* Records to process
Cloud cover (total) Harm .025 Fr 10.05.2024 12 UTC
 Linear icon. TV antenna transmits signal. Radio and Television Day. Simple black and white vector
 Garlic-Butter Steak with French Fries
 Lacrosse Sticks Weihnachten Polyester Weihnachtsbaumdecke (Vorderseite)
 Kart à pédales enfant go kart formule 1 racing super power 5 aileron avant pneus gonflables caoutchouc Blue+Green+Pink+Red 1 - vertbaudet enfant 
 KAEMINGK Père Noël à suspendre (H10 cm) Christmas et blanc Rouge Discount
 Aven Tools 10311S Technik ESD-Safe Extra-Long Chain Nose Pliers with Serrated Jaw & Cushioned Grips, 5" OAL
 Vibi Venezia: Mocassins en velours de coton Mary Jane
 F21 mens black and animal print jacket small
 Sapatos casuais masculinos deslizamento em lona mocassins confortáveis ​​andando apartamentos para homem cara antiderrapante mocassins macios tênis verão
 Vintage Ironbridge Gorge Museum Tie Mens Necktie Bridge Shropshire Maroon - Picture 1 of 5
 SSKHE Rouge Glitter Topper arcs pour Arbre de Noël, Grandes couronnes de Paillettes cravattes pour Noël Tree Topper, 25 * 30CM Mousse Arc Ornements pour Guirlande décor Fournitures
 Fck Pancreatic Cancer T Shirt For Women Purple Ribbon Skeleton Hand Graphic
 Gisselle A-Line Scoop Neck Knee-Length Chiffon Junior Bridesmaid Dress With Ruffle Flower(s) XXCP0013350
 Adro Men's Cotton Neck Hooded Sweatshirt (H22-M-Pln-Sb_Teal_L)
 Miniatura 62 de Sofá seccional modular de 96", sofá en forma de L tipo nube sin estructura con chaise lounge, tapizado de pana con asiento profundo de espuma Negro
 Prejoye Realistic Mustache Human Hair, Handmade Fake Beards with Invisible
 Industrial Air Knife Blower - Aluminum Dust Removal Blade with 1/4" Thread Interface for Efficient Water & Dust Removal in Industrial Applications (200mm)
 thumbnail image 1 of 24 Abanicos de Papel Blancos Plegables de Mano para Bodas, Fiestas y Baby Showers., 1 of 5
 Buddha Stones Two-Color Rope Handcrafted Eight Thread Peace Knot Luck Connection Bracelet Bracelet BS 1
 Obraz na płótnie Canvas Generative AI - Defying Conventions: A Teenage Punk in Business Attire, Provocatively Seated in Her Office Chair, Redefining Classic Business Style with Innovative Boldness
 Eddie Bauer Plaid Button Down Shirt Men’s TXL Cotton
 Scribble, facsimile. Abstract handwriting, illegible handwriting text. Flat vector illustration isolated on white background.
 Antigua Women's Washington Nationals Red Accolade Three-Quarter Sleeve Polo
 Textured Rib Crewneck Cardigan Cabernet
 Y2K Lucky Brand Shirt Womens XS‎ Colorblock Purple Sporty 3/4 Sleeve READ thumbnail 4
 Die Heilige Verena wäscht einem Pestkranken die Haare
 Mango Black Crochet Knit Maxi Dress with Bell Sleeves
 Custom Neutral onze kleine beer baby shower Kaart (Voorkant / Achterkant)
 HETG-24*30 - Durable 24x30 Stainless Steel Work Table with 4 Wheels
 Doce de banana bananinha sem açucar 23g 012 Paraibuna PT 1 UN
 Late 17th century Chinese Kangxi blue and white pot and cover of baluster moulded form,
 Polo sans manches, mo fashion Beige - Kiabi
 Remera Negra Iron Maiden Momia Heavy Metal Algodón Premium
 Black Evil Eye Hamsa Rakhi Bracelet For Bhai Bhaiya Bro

* Exercise prompt
Using the material above, transcribe exactly the lines from the line with "Scribble, facsimile. Abstract" to the line with "HETG-24*30 - Durable"; both count, and nothing else goes in.

* Output below
 Scribble, facsimile. Abstract handwriting, illegible handwriting text. Flat vector illustration isolated on white background.
 Antigua Women's Washington Nationals Red Accolade Three-Quarter Sleeve Polo
 Textured Rib Crewneck Cardigan Cabernet
 Y2K Lucky Brand Shirt Womens XS‎ Colorblock Purple Sporty 3/4 Sleeve READ thumbnail 4
 Die Heilige Verena wäscht einem Pestkranken die Haare
 Mango Black Crochet Knit Maxi Dress with Bell Sleeves
 Custom Neutral onze kleine beer baby shower Kaart (Voorkant / Achterkant)
 HETG-24*30 - Durable 24x30 Stainless Steel Work Table with 4 Wheels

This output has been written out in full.